Ces enfants qu’on oublie parfois dans la cour de récré…
- Christopher Trisman
- 8 nov. 2025
- 3 min de lecture

Vous les avez sûrement déjà vus. Ceux qui tournent autour d’un groupe sans vraiment en faire partie.
Ceux qui veulent jouer, mais s’y prennent “mal”. Ceux qu’on trouve “bizarres”, “trop dans leur monde” ou “trop envahissants”.
Ces enfants-là, ce sont souvent ceux qui ont un TDA/H, un haut potentiel, un trouble du spectre de l’autisme, ou simplement un fonctionnement un peu atypique. Et dans la jungle sociale qu’est la cour de récré, c’est souvent eux qu’on retrouve seuls, sur le banc du fond.
Ce que dit la science : quand le cerveau joue les trouble-fêtes...

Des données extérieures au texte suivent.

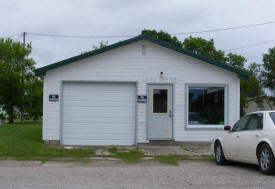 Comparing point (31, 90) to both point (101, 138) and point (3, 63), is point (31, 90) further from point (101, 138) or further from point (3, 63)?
point (101, 138)

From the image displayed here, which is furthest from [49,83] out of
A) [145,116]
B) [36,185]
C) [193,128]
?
[36,185]

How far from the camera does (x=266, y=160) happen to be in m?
8.55

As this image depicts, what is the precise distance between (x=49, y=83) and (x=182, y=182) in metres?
8.20

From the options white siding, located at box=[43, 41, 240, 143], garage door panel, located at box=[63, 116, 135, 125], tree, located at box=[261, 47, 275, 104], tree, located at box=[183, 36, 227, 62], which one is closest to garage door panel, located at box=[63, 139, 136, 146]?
white siding, located at box=[43, 41, 240, 143]

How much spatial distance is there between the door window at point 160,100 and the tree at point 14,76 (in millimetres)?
22932

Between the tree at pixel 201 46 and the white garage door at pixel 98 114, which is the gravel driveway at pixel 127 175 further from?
the tree at pixel 201 46

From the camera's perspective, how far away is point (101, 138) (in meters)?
15.0

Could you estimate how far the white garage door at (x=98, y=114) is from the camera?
14.9 metres

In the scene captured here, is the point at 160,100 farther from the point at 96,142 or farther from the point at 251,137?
the point at 251,137

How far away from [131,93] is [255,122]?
21.1 ft

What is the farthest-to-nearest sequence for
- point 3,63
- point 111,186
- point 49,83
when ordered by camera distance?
point 3,63
point 49,83
point 111,186

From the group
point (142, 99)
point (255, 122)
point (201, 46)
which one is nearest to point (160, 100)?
point (142, 99)

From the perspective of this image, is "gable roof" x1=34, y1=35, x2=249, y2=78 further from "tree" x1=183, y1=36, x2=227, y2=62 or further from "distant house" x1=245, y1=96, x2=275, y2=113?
"distant house" x1=245, y1=96, x2=275, y2=113

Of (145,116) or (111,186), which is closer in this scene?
(111,186) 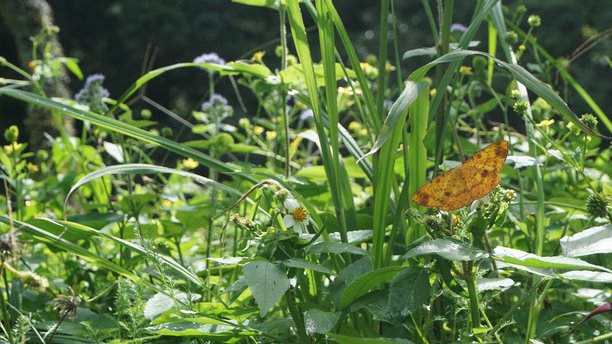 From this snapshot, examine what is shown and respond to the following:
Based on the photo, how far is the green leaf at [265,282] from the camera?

Des études en neurosciences montrent que les enfants avec un trouble du déficit de l’attention avec ou sans hyperactivité (TDA/H) ont souvent des difficultés dans la régulation des émotions et des interactions sociales.
Leur cerveau traite les signaux sociaux différemment :
L’impulsivité peut les amener à couper la parole, à s’imposer dans un jeu déjà lancé ou à réagir trop vite.

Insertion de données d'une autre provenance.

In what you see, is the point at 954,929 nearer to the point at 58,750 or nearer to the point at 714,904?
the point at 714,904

L’inattention fait qu’ils ne perçoivent pas toujours les règles implicites d’un groupe (“Ah bon, on devait attendre son tour ?”).

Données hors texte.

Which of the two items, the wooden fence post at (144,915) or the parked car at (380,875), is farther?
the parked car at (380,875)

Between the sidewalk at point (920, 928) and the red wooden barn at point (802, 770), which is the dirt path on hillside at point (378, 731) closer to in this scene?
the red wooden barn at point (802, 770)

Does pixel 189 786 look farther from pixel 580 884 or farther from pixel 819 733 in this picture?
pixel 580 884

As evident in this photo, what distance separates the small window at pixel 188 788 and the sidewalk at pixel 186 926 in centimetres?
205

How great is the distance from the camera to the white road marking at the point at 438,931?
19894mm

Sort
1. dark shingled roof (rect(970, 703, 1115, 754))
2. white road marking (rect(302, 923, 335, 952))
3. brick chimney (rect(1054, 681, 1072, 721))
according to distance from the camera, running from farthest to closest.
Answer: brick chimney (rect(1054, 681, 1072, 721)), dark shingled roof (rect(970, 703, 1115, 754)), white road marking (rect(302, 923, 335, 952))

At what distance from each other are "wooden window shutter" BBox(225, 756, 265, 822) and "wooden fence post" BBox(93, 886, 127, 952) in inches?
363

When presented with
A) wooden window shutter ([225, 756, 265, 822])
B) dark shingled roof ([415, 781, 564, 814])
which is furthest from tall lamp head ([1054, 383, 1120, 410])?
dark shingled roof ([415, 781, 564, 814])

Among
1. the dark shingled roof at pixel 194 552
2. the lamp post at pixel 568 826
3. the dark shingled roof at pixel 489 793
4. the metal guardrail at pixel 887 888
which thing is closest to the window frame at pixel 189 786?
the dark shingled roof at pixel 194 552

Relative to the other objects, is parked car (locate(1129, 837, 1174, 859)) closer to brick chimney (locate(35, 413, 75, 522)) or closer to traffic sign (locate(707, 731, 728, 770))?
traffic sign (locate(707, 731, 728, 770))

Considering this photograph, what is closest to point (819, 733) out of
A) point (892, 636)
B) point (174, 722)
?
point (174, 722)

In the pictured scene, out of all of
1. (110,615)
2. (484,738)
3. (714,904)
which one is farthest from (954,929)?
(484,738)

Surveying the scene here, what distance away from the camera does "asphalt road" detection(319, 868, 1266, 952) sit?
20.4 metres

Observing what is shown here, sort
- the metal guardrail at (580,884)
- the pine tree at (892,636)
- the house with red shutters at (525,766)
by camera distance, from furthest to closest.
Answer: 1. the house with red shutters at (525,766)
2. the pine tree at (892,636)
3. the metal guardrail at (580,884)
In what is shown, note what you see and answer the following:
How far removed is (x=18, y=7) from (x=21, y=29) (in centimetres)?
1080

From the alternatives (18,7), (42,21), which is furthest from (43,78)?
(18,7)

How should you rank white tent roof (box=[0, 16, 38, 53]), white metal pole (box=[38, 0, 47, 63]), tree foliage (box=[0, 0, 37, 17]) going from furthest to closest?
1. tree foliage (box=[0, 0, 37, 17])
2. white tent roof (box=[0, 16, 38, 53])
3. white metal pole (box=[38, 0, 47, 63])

L’hyperactivité, enfin, peut être interprétée comme de la maladresse ou un manque d’intérêt.
Résultat : les autres enfants, qui ne comprennent pas ces comportements, peuvent les juger “agaçants”, “étranges” ou “trop bruyants”. Et petit à petit, ces enfants si curieux, si vifs, se retrouvent à l’écart, non pas par manque d’envie, mais par décalage.
Ce n’est pas un manque de volonté...
Ce n’est pas qu’ils ne veulent pas s’intégrer, c’est qu’ils n’ont pas toujours les bons outils sociaux.
Imaginez qu’on vous invite à jouer une partie d’échecs… sans jamais vous avoir expliqué les règles. Vous feriez sûrement des erreurs, vous perdriez patience, et les autres risqueraient de ne plus vouloir jouer avec vous. Eh bien, c’est exactement ce qui se passe pour beaucoup d’enfants TDA/H, HP ou TSA dans la cour de récré.
Comment les aider à trouver leur place ?
Créer des “zones refuge”
Un petit espace calme, où l’enfant peut se ressourcer sans être “celui qui ne joue pas”. Un banc de l’amitié, un coin dessin, ou une zone sensorielle sont de vraies bouffées d’air.
Encourager les jeux à règles claires
Les jeux libres, c’est super… mais pas pour tout le monde. Un ballon avec des règles simples, un jeu de société ou une activité encadrée peuvent aider à structurer les interactions.
Sensibiliser les autres enfants
Avec des mots simples : “Chacun a un cerveau qui fonctionne un peu différemment, et c’est ça qui rend la cour intéressante !” Apprendre à accueillir la différence, c’est aussi apprendre la tolérance.
Soutenir la confiance sociale
Valorisez les petits pas : “Tu as attendu ton tour, c’est super !” ou “Tu as proposé une idée sans t’énerver, bravo !”. Ces encouragements construisent la sécurité intérieure.
Former et impliquer les adultes
Les enseignants et surveillants sont des piliers. Un regard bienveillant, une médiation discrète, une main posée sur l’épaule peuvent tout changer.
En résumé
Ces enfants n’ont pas besoin qu’on les “corrige”, mais qu’on les comprenne.
Leur cerveau ne cherche pas à déranger, il cherche juste à exister autrement. Et si on prenait le temps de leur donner les codes du jeu, peut-être qu’ils nous surprendraient par leur créativité, leur imagination ou leur humour décapant.
Alors, la prochaine fois que vous verrez un enfant seul dans la cour… pensez-y : il n’a peut-être pas besoin d’un sermon, mais d’un allié. Parce que personne ne devrait avoir à jouer seul contre tous à la récré.